According to a recent survey, a majority of residents living in neighborhoods bordering the Port of Seattle believe trucks and other Port of Seattle operations are making them ill. As part of the Washington Coalition for Clean and Safe Ports, Puget Sound Sage conducted a door-to-door health survey over the course of the summer in the neighborhoods that border the Port of Seattle—Georgetown and South Park. On October 7, Sage reported back to the community and media concerning the findings of the survey. The data showed:
- 60% of Georgetown and South Park residents surveyed believe emissions from Port of Seattle trucks are making them sick;
- 56% believe truck traffic and poor truck management pose a danger to pedestrians and car drivers;
- 75% of survey participants want the port to reduce the pollution, noise, and pedestrian and traffic safety hazards it causes.

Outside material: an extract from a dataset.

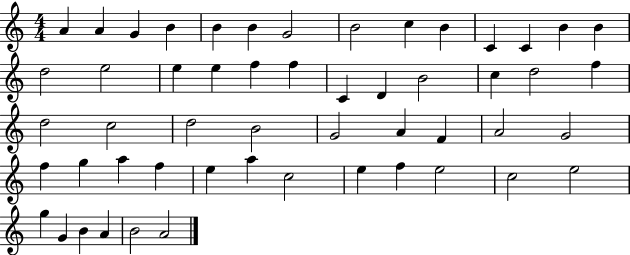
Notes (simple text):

A4/q A4/q G4/q B4/q B4/q B4/q G4/h B4/h C5/q B4/q C4/q C4/q B4/q B4/q D5/h E5/h E5/q E5/q F5/q F5/q C4/q D4/q B4/h C5/q D5/h F5/q D5/h C5/h D5/h B4/h G4/h A4/q F4/q A4/h G4/h F5/q G5/q A5/q F5/q E5/q A5/q C5/h E5/q F5/q E5/h C5/h E5/h G5/q G4/q B4/q A4/q B4/h A4/h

Puget Sound Sage released the findings in a late October press tour of affected communities, featuring interviews with community residents. Sage also organized a community meeting to present the survey results and engage residents in follow-up activities. The story was covered by all of the major Seattle TV networks, local radio and on-line/print media.
"For the past three years, the Port of Seattle has ignored community pleas at public hearings for a health impact study of port trucking," said Puget Sound Sage Executive Director David West. "In the absence of a port response, residents are taking matters into their own hands. Residents are now considering their own pollution monitoring to force the port to act."
"Once again, lower income communities and communities of color are dealing disproportionately with the impacts of heavy port trucks and airplanes," said Joyce Tseng, Community Coalition for Environmental Justice board member. "We know diesel pollution is a major risk factor for cancer and asthma. The port needs to do more to study the local effects on these small neighborhoods, but they have refused to do so."
Residents of Georgetown and South Park also have asked the port to institute a comprehensive Clean Trucks Plan—like the one used so successfully at the Port of Los Angeles—but to no avail, West said.
"Current port plans require low-income, contracted truck drivers to foot the cost of retrofitting their rigs so they release fewer emissions, or to buy new or converted rigs," West said. "This won't work. These contract drivers cannot afford to pay for retrofitting or purchasing newer trucks. It will only delay a realistic pollution solution for years."
"The port's current plan to clean up diesel pollution is deeply flawed," agreed Brady Montz, chair of the Sierra Club's Seattle Group. "We're facing daily doses of highly toxic diesel soot in our homes, schools and parks for years to come, and there's no evidence that the port's plan will work."